Now that was a good salesman. Caller ID said ATT Service, but of course, it was ATT Sales.
I told him I didn’t make service plan changes without doing my homework and that I certainly didn’t reward sales people who used a caller ID that indicated it was a *service* call.
I say he was good because he took my complaint with out being defensive, and when I asked he readily gave me the URL for more information on the plan. He then, knowing there wasn’t going to be a sale tonight, answered my questions.
Well, my one main question. He had said that my current DSL service was stuck, no speed changes, upgrades or anything. This is where he earned his bonus points.
When he started in on the bit about “eventually no more DSL on copper” I cut him off. I said there will *always* be copper to my house, no matter how much I want fiber.

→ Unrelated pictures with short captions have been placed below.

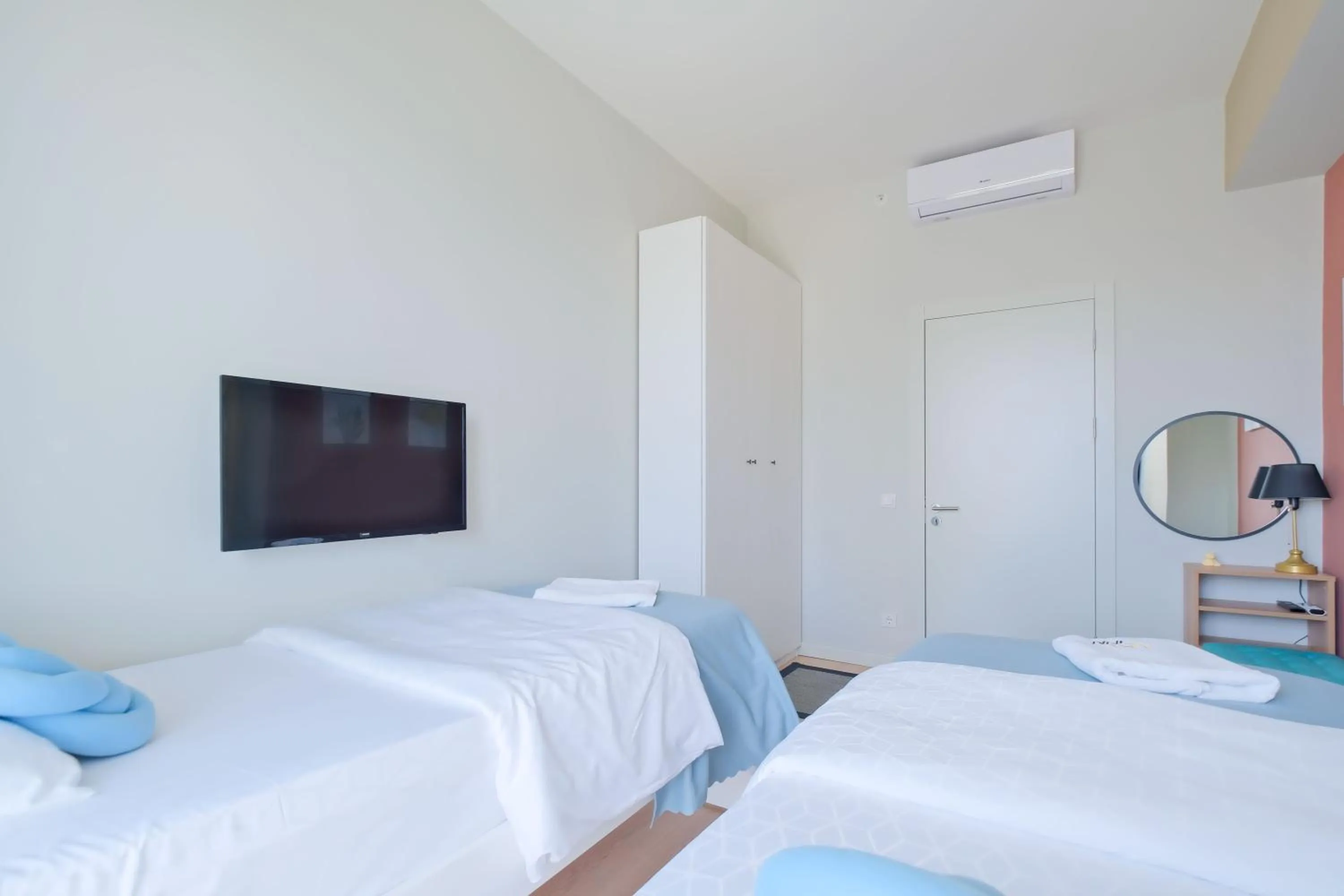 TV and multimedia in Roya Nova Residence by NewInn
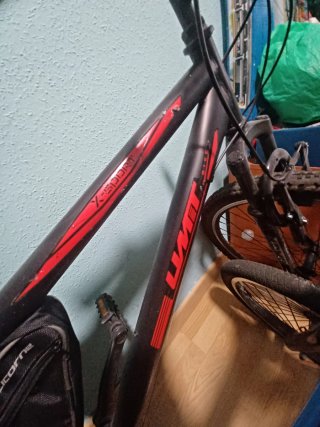 Bicicleta de Montaña Negra y Roja
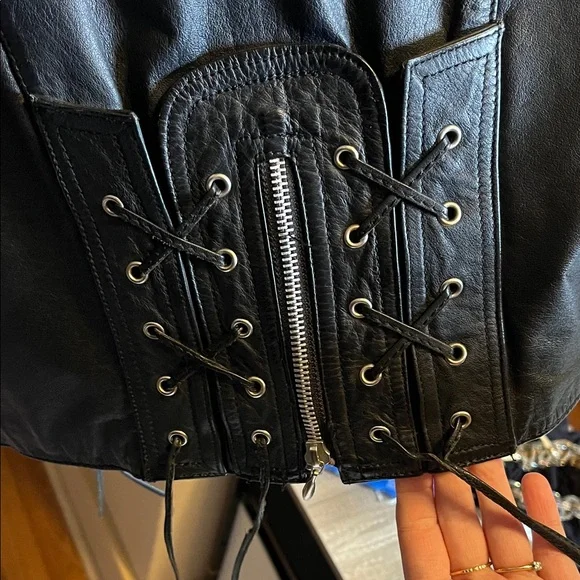 G-III Women's Black Leather Jacket - Picture 6 of 6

He agreed and knew enough to say he meant fiber to the network connection point, which could be a block or a mile away. So that was good, he wasn’t just reading a script (or he had it well memorized; pseduo-Turing test?)
In the end he gave me a call back number where he said they would honor the special he had (tried) to offer, no hard sell, buy now pressure at all.
The good and bad news is the initial lie worked. I knew it was probably a sales call, but the Caller ID did say Service. ATT loses points (wait, they’re already in the hole!) for using a dishonest approach.